**Task statement:**
After locating "INFINITI Q50 image 3" in the listing below, copy that line and each one after it exactly, ending with the line that has "CHANEL- mini wallet/card holder crossbody".

**Provided records:**

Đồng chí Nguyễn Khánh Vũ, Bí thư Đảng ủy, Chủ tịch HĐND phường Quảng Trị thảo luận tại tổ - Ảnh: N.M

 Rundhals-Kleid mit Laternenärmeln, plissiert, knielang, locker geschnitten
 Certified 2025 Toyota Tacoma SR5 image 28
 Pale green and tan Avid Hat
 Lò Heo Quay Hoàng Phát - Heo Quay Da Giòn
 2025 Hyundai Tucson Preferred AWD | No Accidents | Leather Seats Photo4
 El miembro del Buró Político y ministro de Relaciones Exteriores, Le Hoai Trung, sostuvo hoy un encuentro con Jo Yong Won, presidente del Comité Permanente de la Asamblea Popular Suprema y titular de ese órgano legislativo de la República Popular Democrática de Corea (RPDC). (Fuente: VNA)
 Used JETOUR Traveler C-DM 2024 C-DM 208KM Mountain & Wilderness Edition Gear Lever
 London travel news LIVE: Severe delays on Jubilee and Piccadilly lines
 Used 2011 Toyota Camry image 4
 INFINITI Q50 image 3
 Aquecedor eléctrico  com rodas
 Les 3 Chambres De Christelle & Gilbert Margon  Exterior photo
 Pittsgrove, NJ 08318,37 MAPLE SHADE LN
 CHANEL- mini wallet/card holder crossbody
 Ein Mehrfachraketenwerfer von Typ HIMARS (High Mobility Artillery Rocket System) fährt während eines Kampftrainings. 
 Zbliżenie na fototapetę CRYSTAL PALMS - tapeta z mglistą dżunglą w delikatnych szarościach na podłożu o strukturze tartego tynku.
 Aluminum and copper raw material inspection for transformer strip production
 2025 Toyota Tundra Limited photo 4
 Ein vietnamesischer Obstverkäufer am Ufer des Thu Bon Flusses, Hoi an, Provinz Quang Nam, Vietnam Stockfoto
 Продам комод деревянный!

**Solution:**
 INFINITI Q50 image 3
 Aquecedor eléctrico  com rodas
 Les 3 Chambres De Christelle & Gilbert Margon  Exterior photo
 Pittsgrove, NJ 08318,37 MAPLE SHADE LN
 CHANEL- mini wallet/card holder crossbody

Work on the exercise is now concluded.